Police plays one of the most significant roles in the criminal justice system. The responsibility of maintaining law and order is on the police. The investigation of an offence is the field exclusively reserved for the police officers whose powers in this field are unfettered. Immediately after the registration of FIR (First Information Report), the powers of police to investigate the case comes into play.
The Hon’ble Supreme Court of India in case of H.N. Rishbud v. State of Delhi AIR 1955 SC 196 has mentioned that under the Code of criminal Procedure, investigation consists generally of the following steps:
“(1) proceeding to the spot,
(2) ascertainment of the facts and circumstances of the case,
(3) discovery and arrest of the suspected offender,
(4) collection of evidence relating to the commission of the offence which may consist of:
(a) the examination of various persons (including the accused) and the reduction of their statements into writing, if the officer thinks fit,
(b) the search of places or seizure of things considered necessary for the investigation and to be produced at the trial, and
(5) formation of the opinion as to whether on the material collected there is a case to place the accused before a Magistrate for trial and if so taking the necessary steps for the same by the filing of a charge-sheet under Section 173.

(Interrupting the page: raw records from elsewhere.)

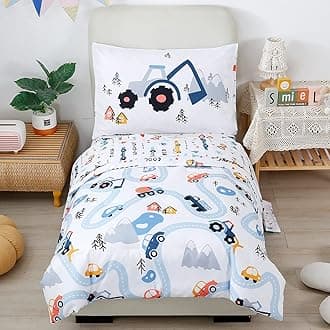 PERFEMET 4 Pcs Cars Printed Toddler Comforter Set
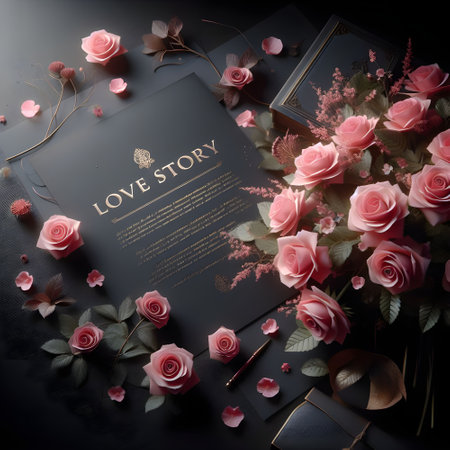 Valentine's day background with roses and books on dark backgroundの素材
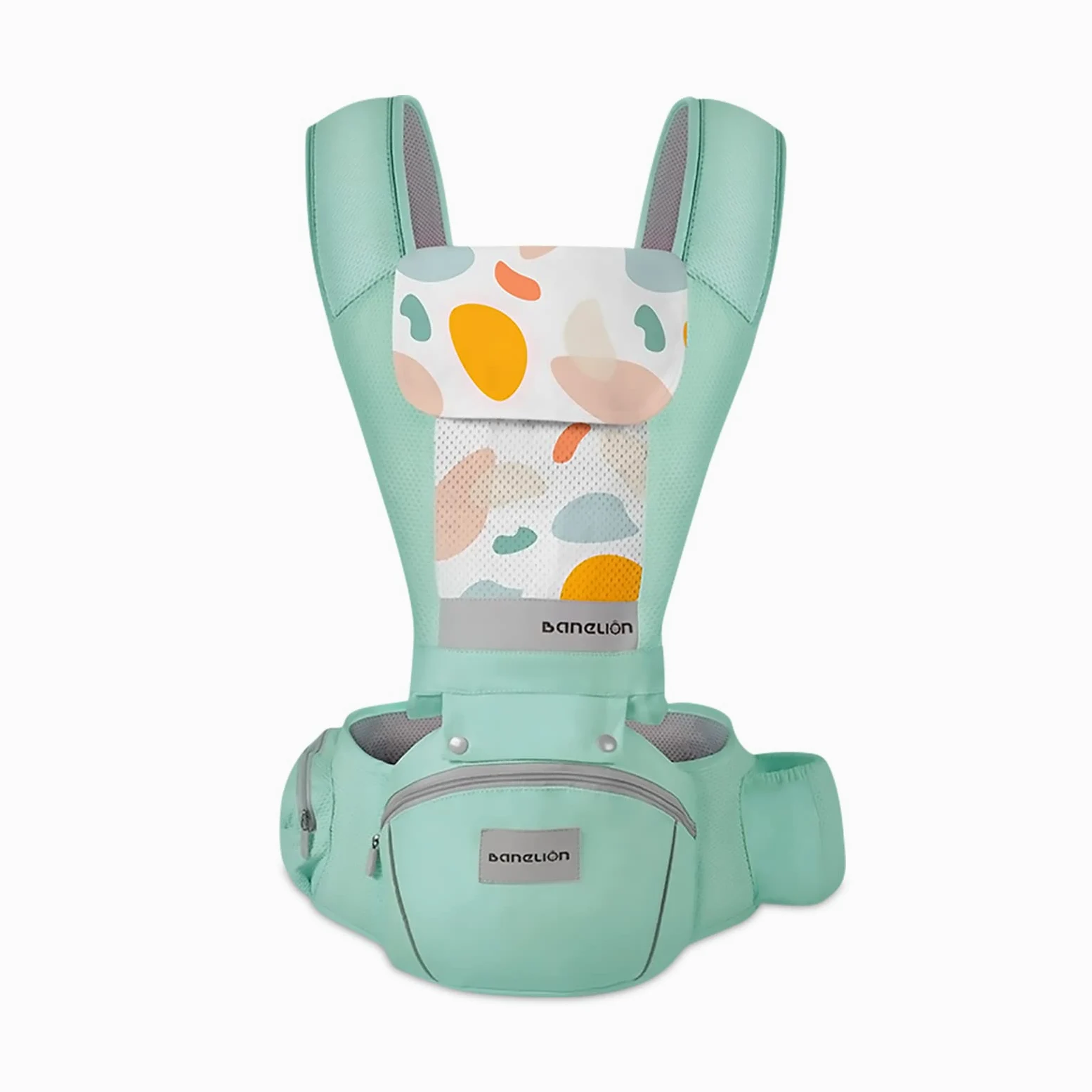 SONARIN Marsupio Neonati Ergonomico con Sedile,3D Air Mesh Portantina Traspirante Multifunzione Porta Bambino,Regolabile per Neonati e Bambini 0-36 Mesi,Tutte le Posizioni(Verde)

It is evident that investigation by a police officer includes power of arrest, search and seizure. Search and seizure is a necessary exercise and plays an important role in the collection of evidence during the process of investigation of an offence.
There are several provisions under the Code of Criminal Procedure regarding search and seizure. Section 47, 51, 52, 93, 94, 97, 99, 100 to 103, 105E, 165 and 166 are the significant and relevant sections for search and seizure. Powers of the Court as well as powers of police officer concerning search and seizure are mentioned and given in these sections. Section 100 and 165 are one of the most important sections concerning search and seizure. These sections also specify about the procedure to be followed during search and seizure. In Partap Singh (Dr.) v. Director of Enforcement, the Apex Court has held that the provisions contained in the Criminal Procedure Code relating to search and seizure are safeguards to prevent the clandestine use of powers conferred on the law-enforcing authorities. They are powers incidental to the conduct of investigation and the legislature has imposed certain conditions for carrying out search and seizure in the Code. In the Criminal Procedure Code there are four groups of sections regulating the searches authorised under it.

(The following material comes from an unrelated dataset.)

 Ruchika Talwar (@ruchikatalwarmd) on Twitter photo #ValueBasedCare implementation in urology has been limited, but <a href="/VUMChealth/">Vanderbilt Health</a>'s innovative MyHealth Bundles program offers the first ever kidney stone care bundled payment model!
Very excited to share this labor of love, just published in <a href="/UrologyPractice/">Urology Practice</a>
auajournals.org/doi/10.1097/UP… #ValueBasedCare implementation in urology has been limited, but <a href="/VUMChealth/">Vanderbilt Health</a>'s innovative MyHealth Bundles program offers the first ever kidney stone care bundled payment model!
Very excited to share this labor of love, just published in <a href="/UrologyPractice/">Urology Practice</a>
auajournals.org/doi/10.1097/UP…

Section 47 provides that if any police officer having authority to arrest, has reason to believe that the person to be arrested has entered into, or is within, any place, then the police officer has power to search the place entered by person sought to be arrested. Section 51 provides for search of an arrested person by the police officer. Whenever a person is arrested by a police officer under a warrant he may search such person, and place in safe custody all articles, other than necessary wearing-apparel, found upon him and where any article is seized from the arrested person, a receipt showing the articles taken in possession by the police officer shall be given to such person. Section 52 gives the power to a police officer to seize offensive weapons while making an arrest.

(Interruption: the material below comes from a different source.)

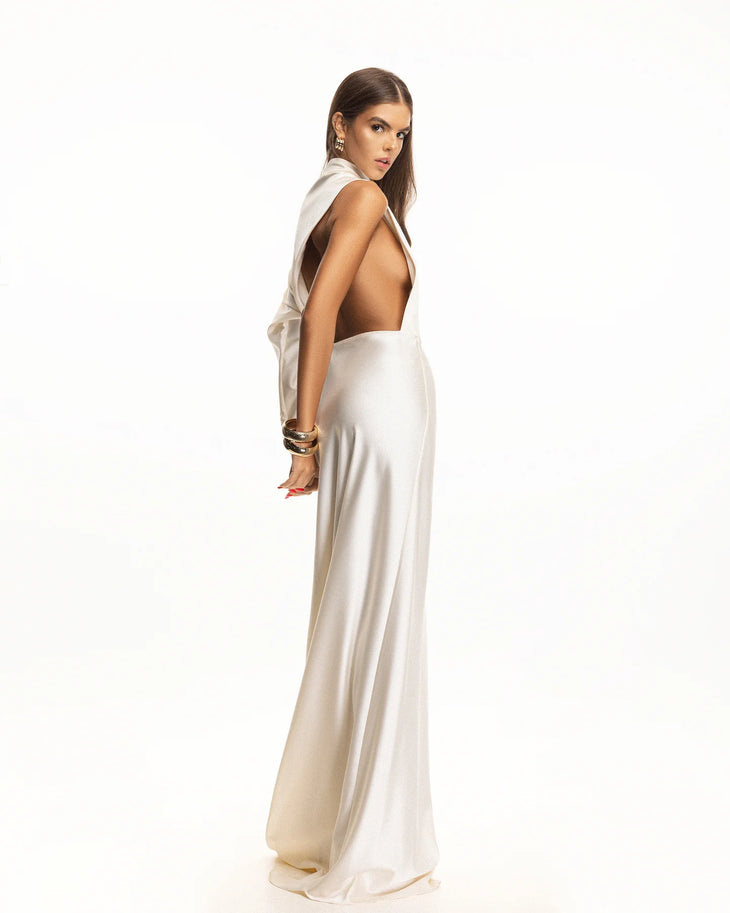 Cannes Pearl Dress in cream with open back and flowing train — Matters World | Endless UAE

Section 93 lay downs the power to be exercised by the Court to issue search warrant. Vide this section the court has the power to direct the police to search or inspect. The Court may also, if it thinks fit, specify in the warrant the particular place or part thereof to which only the search or inspection shall extend; and the person charged with the execution of such warrant shall then search or inspect only the place or part so specified. Section 94 specifies about search of place suspected to contain stolen property, forged documents, etc. Section 97 provides the power to a District Magistrate, Sub-Divisional Magistrate or Magistrate of the first class to issue a search warrant, if he has reason to believe that any person is confined under such circumstances that the confinement amounts to an offence and the person to whom such warrant is directed may search for the person so confined;
Section 100 specifies that the persons in charge of closed place shall allow search to the search team. He shall, on demand of the police officer or other person executing the warrant, and on production of the warrant, allow him free ingress thereto, and afford all reasonable facilities for a search therein. Clause (4) of section 100 mandates that before making a search under this Chapter, the officer or other person about to make it shall call upon two or more independent and respectable inhabitants of the locality in which the place to be searched is situate or of any other locality if no such inhabitant of the said locality is available or is willing to be a witness to the search, to attend and witness the search and may issue an order in writing to them or any of them so to do. Further a list of all things seized in the course of such search and of the places in which they are respectively found shall be prepared by such officer or other person and signed by such witnesses; Clause (6) provides that the occupant of the place searched, or some person in his behalf, shall, in every instance, be permitted to attend during the search, and a copy of the list prepared under this section, signed by the said witnesses, shall be delivered to such occupant or person. Further clause (7) mentions that when any person is searched, a list of all things taken possession of shall be prepared, and a copy thereof shall be delivered to such person.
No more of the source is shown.